Copy-paste script (edit the placeholders)

/* ============================
   Part 2: Error Log Automation
   ============================ */

USE [YourUtilityDB];
GO

DECLARE 
    @HoursBack           INT           = 24,             -- window to scan
    @OnlyWhenFindings    BIT           = 1,              -- 1 = email only if issues found
    @ProfileName         SYSNAME       = N'YourDatabaseMailProfile',
    @Recipients          NVARCHAR(400) = N'ops@example.com',
    @Now                 DATETIME2(0)  = SYSDATETIME(),
    @Start               DATETIME2(0)  = DATEADD(HOUR, -@HoursBack, SYSDATETIME());

/* 1) Collect logs: SQL Server (p2=1) and SQL Agent (p2=2) */

IF OBJECT_ID('tempdb..#Log') IS NOT NULL DROP TABLE #Log;
CREATE TABLE #Log
(
    Source       NVARCHAR(20),        -- 'SQL' or 'Agent'
    LogDate      DATETIME,
    ProcessInfo  NVARCHAR(50),
    [Text]       NVARCHAR(MAX)
);

INSERT INTO #Log (Source, LogDate, ProcessInfo, [Text])
EXEC master.dbo.xp_readerrorlog 0, 1, NULL, NULL, @Start, @Now, N'desc';  -- SQL Server log
UPDATE #Log SET Source = 'SQL' WHERE Source IS NULL;

INSERT INTO #Log (Source, LogDate, ProcessInfo, [Text])
EXEC master.dbo.xp_readerrorlog 0, 2, NULL, NULL, @Start, @Now, N'desc';  -- SQL Agent log
UPDATE #Log SET Source = 'Agent' WHERE Source IS NULL AND ProcessInfo IS NOT NULL;

/* 2) Rules: classification and noise suppression
   - Edit @Rules to change what counts as ERROR vs WARNING
   - Edit @Noise to suppress known-noise messages unique to your shop
*/
DECLARE @Rules TABLE
(
    Pattern NVARCHAR(200) NOT NULL,
    Class   VARCHAR(10)   NOT NULL,   -- 'ERROR' or 'WARNING'
    Weight  INT           NOT NULL,   -- precedence (ERROR=2, WARNING=1)
    Tag     NVARCHAR(50)  NULL
);

-- Critical errors (ERROR, high precedence)
INSERT INTO @Rules (Pattern, Class, Weight, Tag) VALUES
(N'%Error: 823%', 'ERROR', 2, N'I/O'),
(N'%Error: 824%', 'ERROR', 2, N'I/O'),
(N'%Error: 825%', 'ERROR', 2, N'I/O-Retry'),
(N'%Error: 9002%', 'ERROR', 2, N'LogFull'),
(N'%Error: 1101%', 'ERROR', 2, N'FileFull'),
(N'%Error: 1105%', 'ERROR', 2, N'FileFull'),
(N'%Error: 3624%', 'ERROR', 2, N'Assertion'),
(N'%Error: 3041%', 'ERROR', 2, N'BackupFail'),
(N'%backup%failed%', 'ERROR', 2, N'BackupFail'),
(N'%assertion%', 'ERROR', 2, N'Assertion'),
(N'%stack dump%', 'ERROR', 2, N'Dump'),
(N'%is marked SUSPECT%', 'ERROR', 2, N'DBState'),
(N'%failed to start%', 'ERROR', 2, N'Service');

-- Warnings with high signal
INSERT INTO @Rules (Pattern, Class, Weight, Tag) VALUES
(N'%Autogrow of file%', 'WARNING', 1, N'Autogrow'),
(N'%Login failed for user%', 'WARNING', 1, N'LoginFailed'),
(N'%SSPI handshake%', 'WARNING', 1, N'Kerberos'),
(N'%I/O requests taking longer%', 'WARNING', 1, N'LongIO'),
(N'%availability group%', 'WARNING', 1, N'AG'),
(N'%availability replica%', 'WARNING', 1, N'AG'),
(N'%redo queue%', 'WARNING', 1, N'AG'),
(N'Warning:%', 'WARNING', 1, N'Generic');

-- Noise to suppress (safe to send later as INFO).
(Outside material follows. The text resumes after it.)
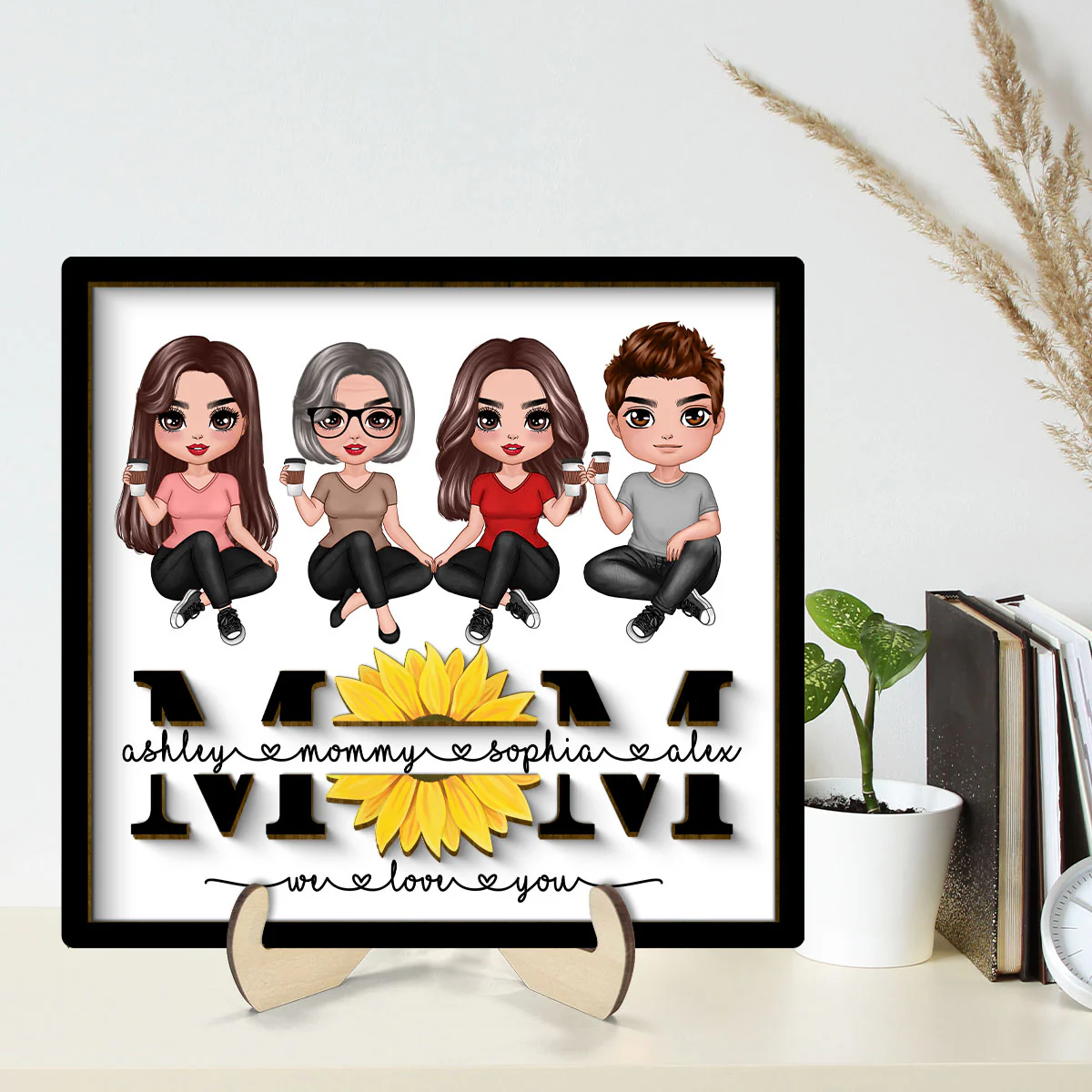 Mom We Love You Sunflower Sitting On Text Personalized 2-layer Wooden Plaque, Gift For Mom - Image 2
Edit for your environment.
DECLARE @Noise TABLE (Pattern NVARCHAR(200) NOT NULL);
INSERT INTO @Noise (Pattern) VALUES
(N'%Using%backup%compression%'),           -- environment/feature info
(N'%registry%is%configured%for%memory%'),  -- informational
(N'%The%Service%Broker%'),                 -- routine broker chatter
(N'%Database%option%SET%'),                -- database options toggled during deploy
(N'%successfully%opened%'),                -- startup noise
(N'%Login%successful%'),                   -- successes
(N'%Detected%aligned%IO%'),                -- benign storage notes
(N'%Error log has been reinitialized%');   -- log cycling notice

/* 3) Classify, suppress noise, and group with counts */

;WITH Base AS
(
    SELECT L.Source, L.LogDate, L.ProcessInfo, L.[Text]
    FROM #Log AS L
    WHERE L.[Text] IS NOT NULL
      AND NOT EXISTS (SELECT 1 FROM @Noise N WHERE L.[Text] LIKE N.Pattern)
),
Tagged AS
(
    SELECT B.*,
           R.Class,
           R.Weight,
           R.Tag
    FROM Base B
    OUTER APPLY
    (
        SELECT TOP (1) *
        FROM @Rules R
        WHERE B.[Text] LIKE R.Pattern
        ORDER BY R.Weight DESC
    ) AS R
),
Classified AS
(
    SELECT 
        Source,
        LogDate,
        ProcessInfo,
        [Text],
        COALESCE(Class, 'INFO') AS SeverityClass,
        COALESCE(Tag,   'General') AS Tag
    FROM Tagged
)
SELECT *
INTO #Findings
FROM Classified
WHERE SeverityClass IN ('ERROR','WARNING');

-- Normalized message for grouping (trim to keep HTML light)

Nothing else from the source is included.